Ces chiffres révèlent une situation perfectible et le médiateur a fait plusieurs propositions de nature à la faire évoluer. Il appelle notamment à la réduction des délais pour les ouvertures de comptes bancaires, pour la délivrance des moyens de paiement et pour l'instruction des demandes de prêt.

À l'inverse, il est important que les candidats et les partis connaissent mieux les critères et exigences des établissements bancaires. Le site internet de la médiation, en cours de construction, devrait faciliter l'information sur les dispositifs en vigueur ou en cours de mise en place.

Au-delà de ces actions de sensibilisation, le médiateur a fait plusieurs recommandations visant à élargir l'accès de tous les candidats à la propagande, ce qui passe notamment par un surcroît de dématérialisation.

Par ailleurs, le rapport du 30 septembre 2019 met l'accent sur la nécessité, pour les candidats et les partis politiques, de recourir aux autres modalités de financement qui leur sont ouvertes, au-delà des aides publiques : appels aux dons de sympathisants et militants, emprunts auprès des partis et, désormais, auprès des particuliers. Cette dernière modalité a d'ailleurs été largement mise en œuvre lors des récentes élections européennes.

De même, en application de la loi du 2 décembre dernier, qui entrera en vigueur le 30 juin 2020, les partis et candidats pourront recueillir des fonds via un financement participatif.

Mme la présidente. La parole est à M. Rachid Temal, pour la réplique.

M. Rachid Temal. Monsieur le secrétaire d'État, vous nous dites que, finalement, il n'y a pas de difficultés, tout en admettant que neuf listes en ont connu pour accéder à un financement… Nous savons tous ici combien il est difficile d'obtenir un prêt bancaire pour financer une campagne ; on le voit notamment à l'approche des élections municipales.

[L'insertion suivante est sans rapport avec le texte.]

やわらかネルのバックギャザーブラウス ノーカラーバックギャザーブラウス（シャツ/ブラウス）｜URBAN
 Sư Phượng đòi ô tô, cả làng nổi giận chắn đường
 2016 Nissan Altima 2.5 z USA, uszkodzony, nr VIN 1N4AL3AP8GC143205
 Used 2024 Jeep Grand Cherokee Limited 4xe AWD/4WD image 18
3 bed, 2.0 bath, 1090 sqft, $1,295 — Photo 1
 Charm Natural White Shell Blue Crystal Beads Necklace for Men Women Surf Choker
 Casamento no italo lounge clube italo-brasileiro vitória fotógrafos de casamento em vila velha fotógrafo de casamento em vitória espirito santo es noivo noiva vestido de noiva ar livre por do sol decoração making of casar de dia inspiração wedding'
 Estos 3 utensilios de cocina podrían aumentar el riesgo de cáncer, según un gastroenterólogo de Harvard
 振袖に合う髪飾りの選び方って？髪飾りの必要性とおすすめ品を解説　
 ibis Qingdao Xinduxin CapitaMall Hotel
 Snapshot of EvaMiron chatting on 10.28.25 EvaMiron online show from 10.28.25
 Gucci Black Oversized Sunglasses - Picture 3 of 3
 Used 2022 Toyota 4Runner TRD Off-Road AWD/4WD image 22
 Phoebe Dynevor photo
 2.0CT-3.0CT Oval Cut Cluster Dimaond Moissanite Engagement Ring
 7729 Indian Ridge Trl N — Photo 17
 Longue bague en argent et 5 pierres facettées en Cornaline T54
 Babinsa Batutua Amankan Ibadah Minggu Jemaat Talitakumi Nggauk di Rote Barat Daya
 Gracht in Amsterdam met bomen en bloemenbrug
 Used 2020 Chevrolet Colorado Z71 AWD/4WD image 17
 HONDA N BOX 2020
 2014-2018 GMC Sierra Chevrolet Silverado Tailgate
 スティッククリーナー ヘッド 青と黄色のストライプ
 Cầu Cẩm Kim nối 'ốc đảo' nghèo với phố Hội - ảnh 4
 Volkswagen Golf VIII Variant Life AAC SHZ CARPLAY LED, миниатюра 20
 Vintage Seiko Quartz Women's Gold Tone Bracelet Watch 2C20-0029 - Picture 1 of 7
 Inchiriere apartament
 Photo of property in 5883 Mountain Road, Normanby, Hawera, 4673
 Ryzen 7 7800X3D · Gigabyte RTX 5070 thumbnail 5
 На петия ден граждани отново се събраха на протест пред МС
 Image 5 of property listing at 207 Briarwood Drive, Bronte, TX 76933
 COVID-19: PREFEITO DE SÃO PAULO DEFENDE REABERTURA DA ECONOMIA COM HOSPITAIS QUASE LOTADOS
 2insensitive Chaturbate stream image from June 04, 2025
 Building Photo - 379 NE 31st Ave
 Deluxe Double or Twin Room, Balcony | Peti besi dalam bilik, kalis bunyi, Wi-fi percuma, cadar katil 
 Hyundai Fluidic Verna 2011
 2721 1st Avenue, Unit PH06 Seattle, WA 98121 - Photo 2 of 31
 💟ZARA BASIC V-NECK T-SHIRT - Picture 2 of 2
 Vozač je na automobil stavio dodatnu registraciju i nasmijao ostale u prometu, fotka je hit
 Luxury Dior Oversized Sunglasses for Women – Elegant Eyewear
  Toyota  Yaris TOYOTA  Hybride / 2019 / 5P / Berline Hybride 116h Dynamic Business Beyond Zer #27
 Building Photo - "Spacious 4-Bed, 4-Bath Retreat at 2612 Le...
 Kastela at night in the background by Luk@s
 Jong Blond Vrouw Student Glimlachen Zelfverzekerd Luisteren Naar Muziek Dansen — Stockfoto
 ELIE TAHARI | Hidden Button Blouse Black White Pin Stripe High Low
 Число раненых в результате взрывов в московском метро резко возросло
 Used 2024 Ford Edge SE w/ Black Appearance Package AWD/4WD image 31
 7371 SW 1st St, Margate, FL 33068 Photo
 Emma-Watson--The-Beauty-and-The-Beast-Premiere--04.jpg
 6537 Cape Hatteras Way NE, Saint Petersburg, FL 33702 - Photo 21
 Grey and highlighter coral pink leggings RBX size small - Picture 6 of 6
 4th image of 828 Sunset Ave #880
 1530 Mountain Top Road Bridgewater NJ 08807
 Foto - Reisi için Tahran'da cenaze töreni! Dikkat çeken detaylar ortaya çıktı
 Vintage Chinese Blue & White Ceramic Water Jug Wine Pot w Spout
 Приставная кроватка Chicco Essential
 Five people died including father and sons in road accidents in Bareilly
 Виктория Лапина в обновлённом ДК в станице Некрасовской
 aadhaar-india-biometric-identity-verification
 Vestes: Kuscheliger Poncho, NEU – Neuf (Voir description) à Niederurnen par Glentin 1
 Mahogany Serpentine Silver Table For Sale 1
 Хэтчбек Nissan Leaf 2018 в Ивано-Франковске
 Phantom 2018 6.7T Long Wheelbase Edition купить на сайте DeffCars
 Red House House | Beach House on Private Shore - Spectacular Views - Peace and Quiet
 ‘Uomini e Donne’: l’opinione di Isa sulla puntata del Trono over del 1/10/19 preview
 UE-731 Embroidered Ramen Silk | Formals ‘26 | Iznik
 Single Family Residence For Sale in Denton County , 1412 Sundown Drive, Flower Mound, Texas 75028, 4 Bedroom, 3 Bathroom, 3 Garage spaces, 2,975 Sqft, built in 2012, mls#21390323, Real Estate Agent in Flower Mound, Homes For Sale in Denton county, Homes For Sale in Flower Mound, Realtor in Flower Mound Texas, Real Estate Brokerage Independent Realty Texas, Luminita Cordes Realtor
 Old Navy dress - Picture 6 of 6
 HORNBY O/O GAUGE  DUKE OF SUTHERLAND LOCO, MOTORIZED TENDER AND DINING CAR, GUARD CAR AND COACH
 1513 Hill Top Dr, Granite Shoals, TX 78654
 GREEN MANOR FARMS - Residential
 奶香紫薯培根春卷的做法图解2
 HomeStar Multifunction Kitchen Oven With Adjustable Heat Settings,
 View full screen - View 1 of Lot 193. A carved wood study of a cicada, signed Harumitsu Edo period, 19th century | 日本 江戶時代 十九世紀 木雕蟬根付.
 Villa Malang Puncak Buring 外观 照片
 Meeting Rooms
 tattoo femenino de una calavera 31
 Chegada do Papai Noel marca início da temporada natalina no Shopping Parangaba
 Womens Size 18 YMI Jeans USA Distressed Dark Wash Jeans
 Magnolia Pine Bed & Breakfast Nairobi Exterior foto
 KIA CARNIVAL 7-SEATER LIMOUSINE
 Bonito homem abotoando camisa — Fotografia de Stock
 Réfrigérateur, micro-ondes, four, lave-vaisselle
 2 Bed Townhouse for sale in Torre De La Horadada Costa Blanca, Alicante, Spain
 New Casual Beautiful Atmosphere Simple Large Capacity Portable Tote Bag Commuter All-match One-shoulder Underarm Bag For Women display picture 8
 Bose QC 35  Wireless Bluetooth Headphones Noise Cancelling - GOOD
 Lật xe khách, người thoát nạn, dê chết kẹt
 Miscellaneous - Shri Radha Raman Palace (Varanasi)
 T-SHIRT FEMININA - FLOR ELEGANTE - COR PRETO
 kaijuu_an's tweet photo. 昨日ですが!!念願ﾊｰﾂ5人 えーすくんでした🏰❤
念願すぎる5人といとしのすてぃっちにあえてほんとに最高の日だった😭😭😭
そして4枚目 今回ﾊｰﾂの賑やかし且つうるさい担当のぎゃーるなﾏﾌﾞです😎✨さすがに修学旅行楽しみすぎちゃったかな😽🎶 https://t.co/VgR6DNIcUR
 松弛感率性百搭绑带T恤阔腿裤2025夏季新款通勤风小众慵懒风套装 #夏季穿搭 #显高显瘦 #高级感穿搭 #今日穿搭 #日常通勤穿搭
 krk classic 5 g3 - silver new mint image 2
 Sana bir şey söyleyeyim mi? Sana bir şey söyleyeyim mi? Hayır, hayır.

Il faut donc agir ! Monsieur le secrétaire d'État, votre réponse m'inquiète d'autant plus qu'elle renvoie à d'autres sources de financement, les banques n'ayant aucune obligation. Je considère pour ma part qu'il revient à l'État de mettre en place la banque publique de la démocratie – c'était d'ailleurs le sens de l'article 30 de la loi du 15 septembre 2017 –, de sorte que chaque Français puisse être candidat à une élection. Sans cela, c'est encore une fois l'argent qui décide de qui peut ou non être candidat dans notre démocratie ; c'est très grave.